Though sales of Kawasaki’s flagship 4-stroke powered W1 650cc remained buoyant, the performance focused 2-stroke 250cc A1 Samurai was launched in 1966. Featuring a sophisticated (for the time) dual rotary disc valve engine boasting over 30bhp, the A1 had 0-60 times that left rivals from Yamaha, Honda and Suzuki in its wake. In 1967, the 350cc A7 Avenger was launched, essentially a bigger bore version of the Samurai, the A7 offered even more impressive performance. Developed from the A1, the A1R featured a close ratio gearbox, special cylinders and outboard mounted Mikuni carburettors.
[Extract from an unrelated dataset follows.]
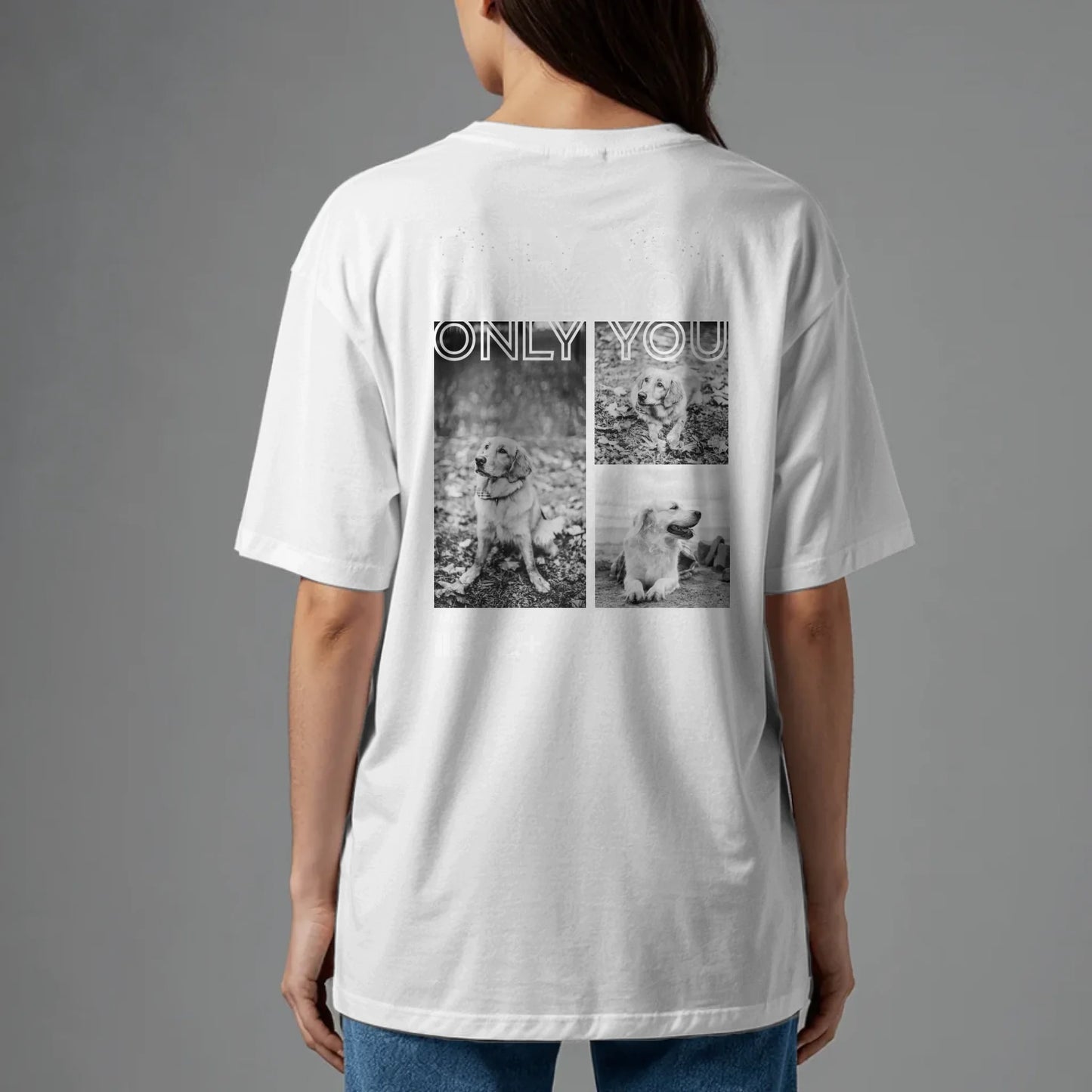 BACK - Woman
Offered in limited numbers, this ‘production racer’ saw success throughout the world at national and international level and is now highly sought after by race bike collectors. In 1969 British rider Dave Simmonds gave Kawasaki its first ever GP and TT wins riding a by then ageing factory KA-125 racer. At the end of season, Simmonds was crowned 125cc World Champion. Notably Simmonds was also to give Kawasaki its first ever 500cc Grand Prix win in 1971 at Jarama. Sadly he was to lose his life in a tragic paddock accident in France in 1972.

Inspired by the success of the A1 and A7 machines, 1969 saw the introduction of the now legendary 500cc H1 Mach III. Aiming to produce a high performance 500cc machine to see off competition from mid-size machines such as Suzuki’s T500 and Honda’s CB450, both of which were selling well in the USA, the Mach III produced 60bhp from its 3-cylinder 2-stroke motor. While noting that it was blisteringly quick, many contemporary road testers commented on the 500’s ‘exciting’ (some might suggest ‘frightening’) handling characteristics. That said, the 500 remained in production until 1976 with few major changes but final KH500 models offered slightly less power and marginally better handling.
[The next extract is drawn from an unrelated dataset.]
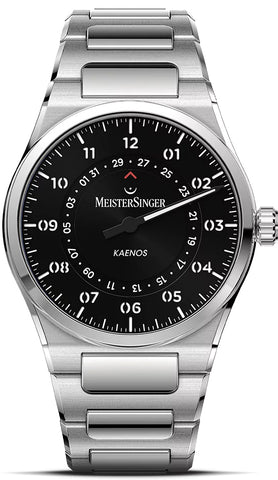 MeisterSinger Kaenos Open Date Black Watch KSOD902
Still a triple, though featuring a completely new engine rather than simply an enlarged 500, the Kawasaki H2 Mach IV of 1971 lays claim to being the ultimate road going 2-stroke. With 74bhp on tap the H2 was a formidable powerhouse, able to wheelie at a twist of the throttle and capable of 12 second quarter mile performance, making it the ‘must have’ machine for street bike class drag racing. Though still a handful with a less experienced rider on board, the H2 was a better handling bike than its smaller siblings and indeed saw some success in production circuit racing. Remaining in the Kawasaki catalogue until 1975, the H2 saw several updates, though later models offered slightly more refined performance whilst giving up a small amount of horsepower. All Kawasaki 750 2-strokes are now considered classic machines and values have risen considerably in the past few years.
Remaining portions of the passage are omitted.